Rauhut, R., Fabrizio, P., Dybkov, O., Hartmuth, K., Pena, V., Chari, A., et al. (2016). Molecular architecture of the Saccharomyces cerevisiae activated spliceosome. Science, 353(6306), 1399-1405. doi:10.1126/science.aag1906.

Zitierlink: https://hdl.handle.net/11858/00-001M-0000-002B-3346-F

Zusammenfassung

The activated spliceosome (Bact) is in a catalytically inactive state and is remodeled into a catalytically active machine by the RNA helicase Prp2, but the mechanism is unclear.

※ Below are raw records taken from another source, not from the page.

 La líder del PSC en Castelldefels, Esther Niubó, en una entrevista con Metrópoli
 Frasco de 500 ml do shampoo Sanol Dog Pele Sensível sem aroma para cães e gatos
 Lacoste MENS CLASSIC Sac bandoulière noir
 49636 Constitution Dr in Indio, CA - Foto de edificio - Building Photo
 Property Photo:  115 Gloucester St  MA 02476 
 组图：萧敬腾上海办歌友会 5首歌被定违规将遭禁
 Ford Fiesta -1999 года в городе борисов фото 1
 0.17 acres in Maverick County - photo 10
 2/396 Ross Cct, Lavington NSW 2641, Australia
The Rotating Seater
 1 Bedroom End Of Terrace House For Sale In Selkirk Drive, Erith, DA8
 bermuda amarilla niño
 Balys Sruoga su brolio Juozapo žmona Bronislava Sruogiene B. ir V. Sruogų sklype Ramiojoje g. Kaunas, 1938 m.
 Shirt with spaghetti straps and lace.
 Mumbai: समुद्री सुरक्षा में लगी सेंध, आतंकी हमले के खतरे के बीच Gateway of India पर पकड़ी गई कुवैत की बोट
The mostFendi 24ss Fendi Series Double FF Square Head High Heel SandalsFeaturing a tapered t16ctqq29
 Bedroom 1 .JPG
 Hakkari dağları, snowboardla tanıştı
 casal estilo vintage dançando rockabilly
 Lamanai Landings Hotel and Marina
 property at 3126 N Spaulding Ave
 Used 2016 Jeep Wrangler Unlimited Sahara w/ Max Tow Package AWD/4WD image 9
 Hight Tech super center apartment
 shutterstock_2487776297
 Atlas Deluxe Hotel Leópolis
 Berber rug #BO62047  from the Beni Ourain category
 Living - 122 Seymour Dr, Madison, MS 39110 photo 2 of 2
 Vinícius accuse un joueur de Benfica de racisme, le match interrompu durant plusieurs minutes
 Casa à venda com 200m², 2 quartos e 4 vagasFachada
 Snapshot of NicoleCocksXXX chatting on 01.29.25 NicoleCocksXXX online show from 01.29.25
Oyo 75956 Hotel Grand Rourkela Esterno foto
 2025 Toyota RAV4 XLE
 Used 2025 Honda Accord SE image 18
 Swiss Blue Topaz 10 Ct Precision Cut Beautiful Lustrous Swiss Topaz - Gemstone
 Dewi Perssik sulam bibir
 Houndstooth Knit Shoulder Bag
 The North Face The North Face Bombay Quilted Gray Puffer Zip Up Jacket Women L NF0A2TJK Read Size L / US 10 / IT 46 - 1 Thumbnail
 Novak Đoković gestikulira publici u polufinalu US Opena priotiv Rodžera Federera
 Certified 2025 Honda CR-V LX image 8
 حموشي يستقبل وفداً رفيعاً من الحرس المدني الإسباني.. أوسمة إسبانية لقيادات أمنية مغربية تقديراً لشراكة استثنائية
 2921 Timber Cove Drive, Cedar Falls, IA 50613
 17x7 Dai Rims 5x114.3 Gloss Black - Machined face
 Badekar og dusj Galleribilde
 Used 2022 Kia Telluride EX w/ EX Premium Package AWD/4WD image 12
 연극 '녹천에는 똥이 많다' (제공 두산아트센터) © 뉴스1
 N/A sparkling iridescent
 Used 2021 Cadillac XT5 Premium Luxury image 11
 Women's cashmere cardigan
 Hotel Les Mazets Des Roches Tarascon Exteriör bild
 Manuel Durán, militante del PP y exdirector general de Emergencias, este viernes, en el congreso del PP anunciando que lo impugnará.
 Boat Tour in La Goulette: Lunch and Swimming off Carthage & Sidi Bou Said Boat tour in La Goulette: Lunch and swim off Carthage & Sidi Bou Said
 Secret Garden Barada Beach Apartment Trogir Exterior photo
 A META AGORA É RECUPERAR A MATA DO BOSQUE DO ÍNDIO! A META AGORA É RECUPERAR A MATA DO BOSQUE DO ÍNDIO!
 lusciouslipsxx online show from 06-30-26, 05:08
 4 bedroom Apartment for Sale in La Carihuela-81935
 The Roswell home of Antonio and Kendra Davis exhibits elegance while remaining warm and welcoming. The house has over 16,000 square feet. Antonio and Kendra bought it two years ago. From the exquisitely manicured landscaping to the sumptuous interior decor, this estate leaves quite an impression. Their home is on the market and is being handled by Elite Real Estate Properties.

Here we describe a 3D electron cryomicroscopy structure of the S. cerevisiae Bact complex at 5.8 Å resolution. Our model reveals that in Bact the catalytic U2/U6 RNA-Prp8 ribonucleoprotein core is already established, and the 5' splice site (ss) is oriented for step 1 catalysis but occluded by protein. The first step nucleophile - the branchsite adenosine - is sequestered within the Hsh155 HEAT domain and is held 50 Å away from the 5'ss. Our structure suggests that Prp2 ATPase-mediated remodeling leads to conformational changes in Hsh155's HEAT domain that liberate the first step reactants for catalysis.